Last week I regrettedly caught some sort of illness from god knows what, this being the reason I haven't been blogging lately. Yeah I'm gonna hide behind my reason, sounds good. I just resently got well agian so here I am once agian trying to blog, and once agian I find myself in a bit of a bind. What shall I blog about? There's a lot of pressure, when bloging; It has to be interesting and ingenious with just a dash of personality. Who has time to sitt down and write some creative mumbojumbo when one has a neverending list of items that must be done? Even more important who has the time to read it? Still here I am bloging my little heart out.

Yesterday I read an article about the stressful lives tenagers lead. I'm just sitting there thinking whoa! Way to state the obvious, she's a geinious. I realized it was more the way she said it then anything else. She implied grownups have it easier, well not exactly in those words but it's basically what she meant. Personally I don't think it gets easier, eventually you'll probably get used to everything but the work load will still be the same or even more. I'm not sure how this is going to work out. So if anyone needs me I'll be rocking in the corner, pulling out my hair in despair! :)

Friday, August 22, 2008

Uncle Anesthesia

Such as a simple drug-induced loss of consciousness , my life has become nothing more than several memories, strung together. Now! don't get me wrong it forms a rather handsome life, just roll with me. It's peculiar how one sift through ones memories, how yesterday can seem like an eternity, while memories from ones childhood.

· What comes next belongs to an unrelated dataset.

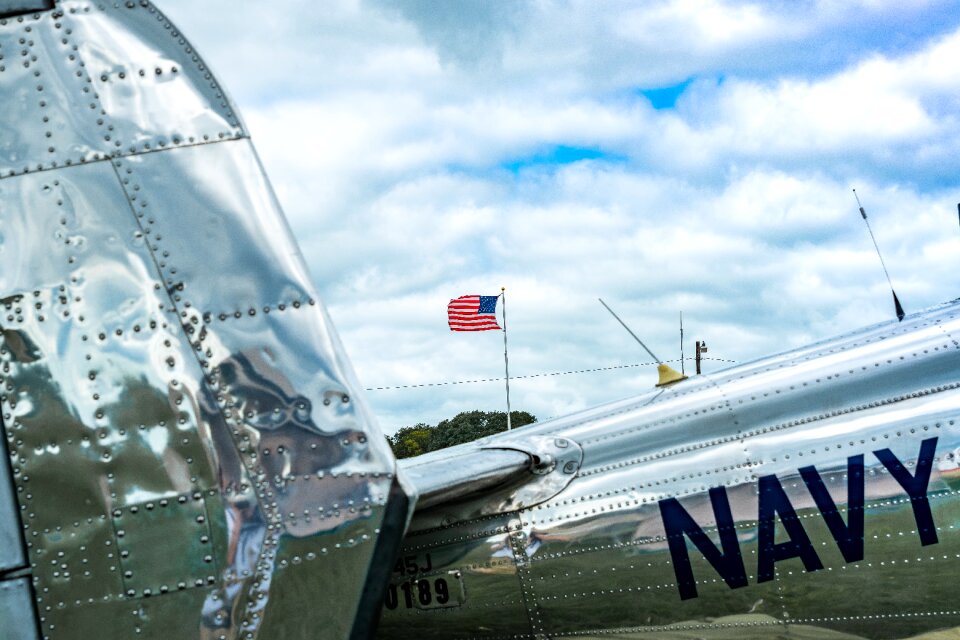 Airshow flag aviation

I say childhood knowing rather well I have only lived 1/4 of my life. Can be as vivid as waking up and going to school. Memories, memories lost, memories gained and memories created. The human brain is fascinating; One can be trapped inside ones thoughts, but still be kept from the truth...

Well I know this seems like a bunch of gibberish, still the human brain does interest me. How it can suppress the traumatizing, accentuate the life-altering, forget the useful, and remember the nonsense. To some degree it's funny if you think about it, you can remember every television program you've ever watched to the teeniest tinniest little detail, but when you need to know why the roman epire fell, your mind draws a blank. come to think about it, it's downright irritating! When it really matters you mind isn't worth the time of day. how many times have you been dragged into a discution or an argument and ended up looking like the fool? More importantly, how many times have you realized what you should have said later on? Of course it then being to late. I could kick myself, better yet my mind for signing out the moment I really need it. Don't misunderstand, I'm not socially incompetent. I just overthink every little detail until my mind reaches the point of imploding.
I believe you just witnessed one of my classic derailings, now where was I? you know what I'm just gonna leave you hanging. I think you've got the drift of what I'm trying to say...

So I'm moving on to Song of the week! '
Song of the week: "Uncle Anaesthesia" by Screaming trees
Film of the week: "Twelve Monkeys".
Creature of the week is... Drum roll please! is coming soon to a blog near you. It's evil to keep you in the dark but I think you'll be just fine.